Megan Ramaker, Ph.D.
Bioinformatician II
Center for Precision Health, Duke Molecular Physiology Institute, Duke University
What are the focus and discovery highlights of your research?
I am a Bioinformatician in the Svati Shah Lab, and our overall interest is in identifying biomarkers of cardiovascular disease broadly. My research is focused on both characterizing the genetic landscape of inherited cardiovascular diseases and using machine learning to develop tools for interpretation of variants of unknown significance. I have recently developed a machine learning algorithm, Cardiovascular Disease Pathogenicity Predictor (CVD-PP), that is a disease- and tissue-specific machine learning model for assessing pathogenicity in variants of unknown significance in 47 genes associated with inherited cardiovascular disease. I have combined this tool with the Catheterization Genetics (CATHGEN) cohort, which consists of whole exome sequencing in patients referred to the catheterization lab at Duke University, to demonstrate the utility of this model for better prioritization of variants that have a high probability of being pathogenic and thus likely to manifest in disease.
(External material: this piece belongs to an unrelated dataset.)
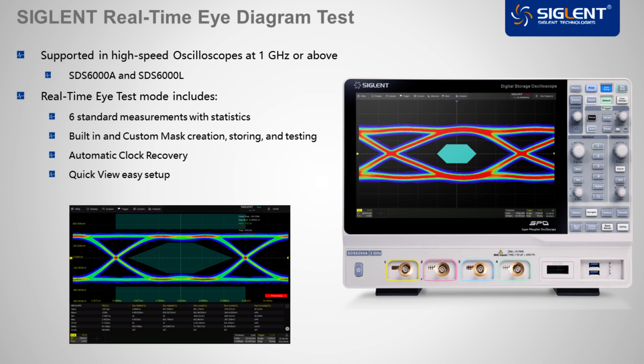The real-time eye mode itself includes six standard measurements, including interval error, eye height and width, the one and zero levels, as well as an eye crossing.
What are some of the key questions that you are looking to answer using UK Biobank data?
I am currently using the UK Biobank data to better understand the genetic landscape of inherited cardiovascular diseases in collaboration with a Duke University Pulmonary Critical Care Fellow and NIH R38 Stimulating Access to Research in Residency (StARR) scholar, Dr. Kristin Corey. Through this collaboration we are leveraging Dr. Corey’s clinical expertise and my genetics expertise to both identify individuals with pathogenic variants in inherited cardiovascular disease genes and assess expressivity of disease. We hope that this information will better characterize the genetic landscape of the diseases as well as aid clinicians in providing more personalized treatment.
How has the UK Biobank Research Analysis Platform (UKB-RAP) helped you perform your research?
The UKB-RAP has allowed our lab to analyze the large, multi-modal dataset in a feasible manner. We are able to perform high-throughput, compute-intensive analyses, including genome-wide variant filtering at-scale. The UKB-RAP also supports reproducibility by storing compute job details, including commands, and versioning datasets and scripts created. Lastly, we are able to share code and collaborate in our lab more effectively.
Any tools or tutorials that you have developed that would be useful for the UKB-RAP community?
I have not created any tutorials yet, but I recently created a bed file that includes the start and stop position of every WGS vcf file in the most current version of the WGS data on the UKB-RAP for easier filtering of variants of interest in the WGS data.